→ Exercise aim
Your job is to retype all of the data word for word, leaving every image out.

→ Data for processing
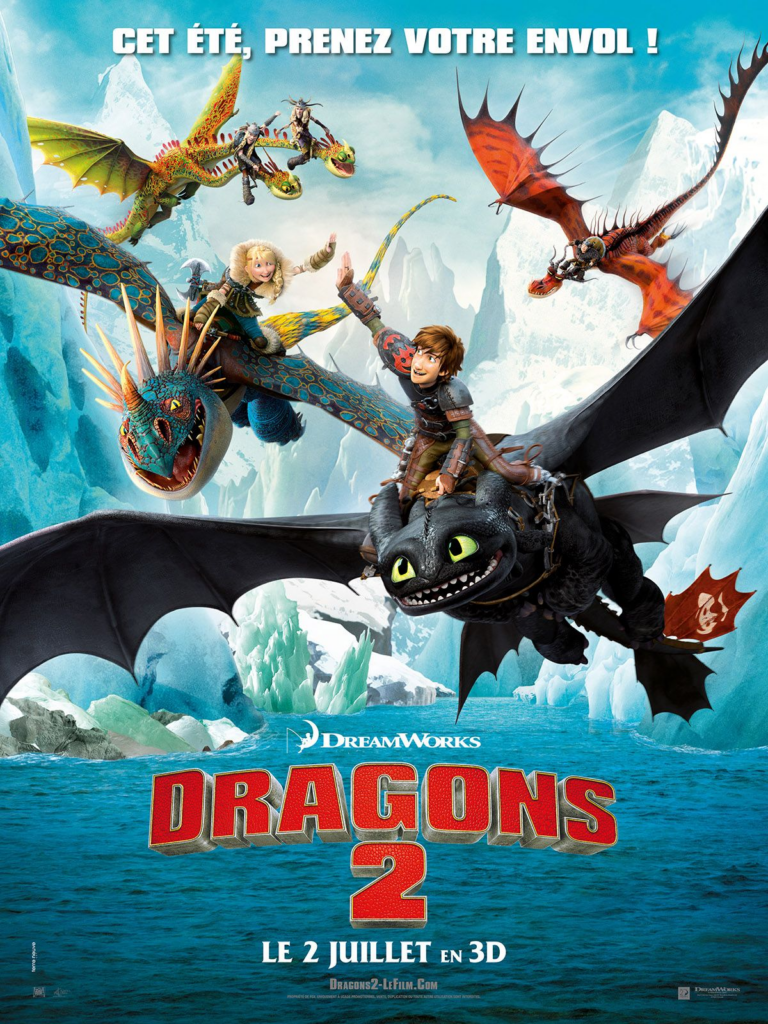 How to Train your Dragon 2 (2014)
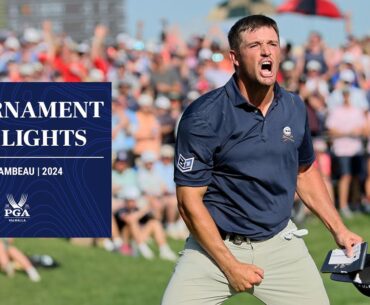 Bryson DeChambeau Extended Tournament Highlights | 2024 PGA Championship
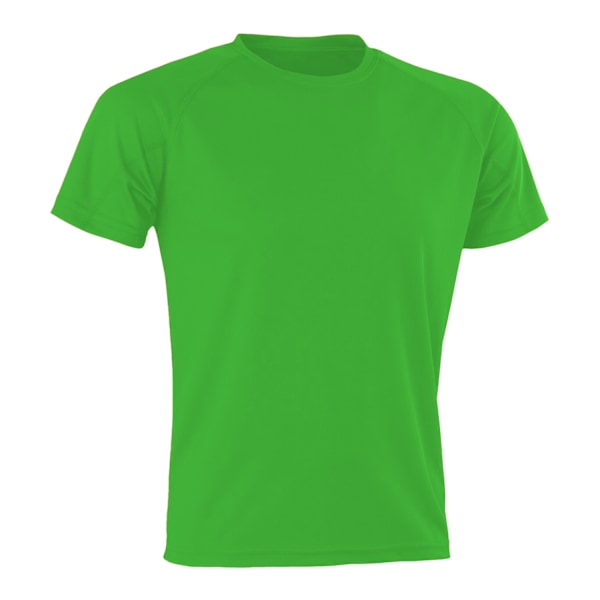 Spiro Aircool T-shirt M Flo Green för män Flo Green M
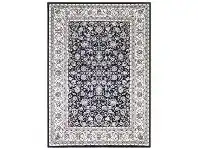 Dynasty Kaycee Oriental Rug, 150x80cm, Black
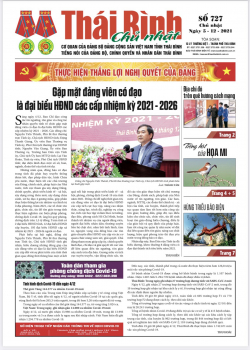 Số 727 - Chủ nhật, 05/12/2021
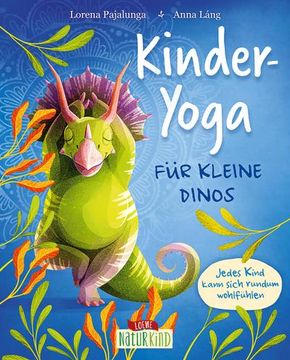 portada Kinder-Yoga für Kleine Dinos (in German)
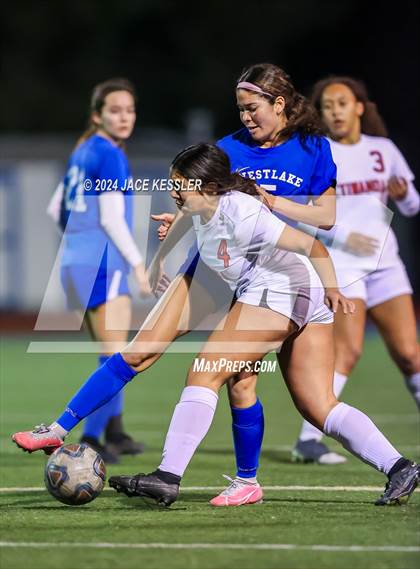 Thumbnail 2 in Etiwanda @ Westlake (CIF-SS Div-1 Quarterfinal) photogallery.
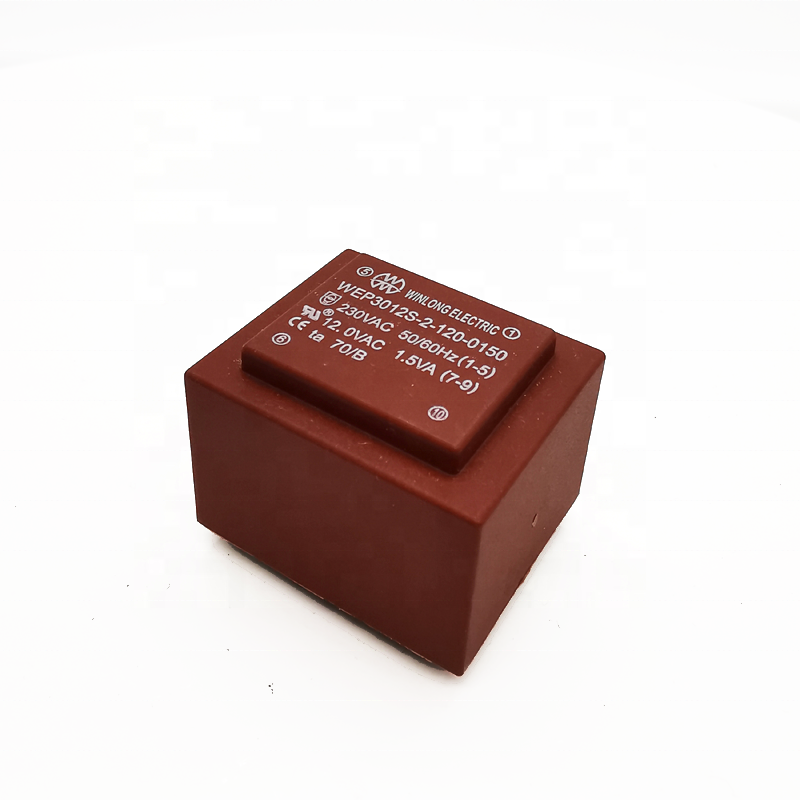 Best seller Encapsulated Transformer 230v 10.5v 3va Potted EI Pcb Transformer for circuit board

→ Result of the task
 How to Train your Dragon 2 (2014)
 Bryson DeChambeau Extended Tournament Highlights | 2024 PGA Championship
 Spiro Aircool T-shirt M Flo Green för män Flo Green M
 Dynasty Kaycee Oriental Rug, 150x80cm, Black
 Số 727 - Chủ nhật, 05/12/2021
 portada Kinder-Yoga für Kleine Dinos (in German)
 Thumbnail 2 in Etiwanda @ Westlake (CIF-SS Div-1 Quarterfinal) photogallery.
 Best seller Encapsulated Transformer 230v 10.5v 3va Potted EI Pcb Transformer for circuit board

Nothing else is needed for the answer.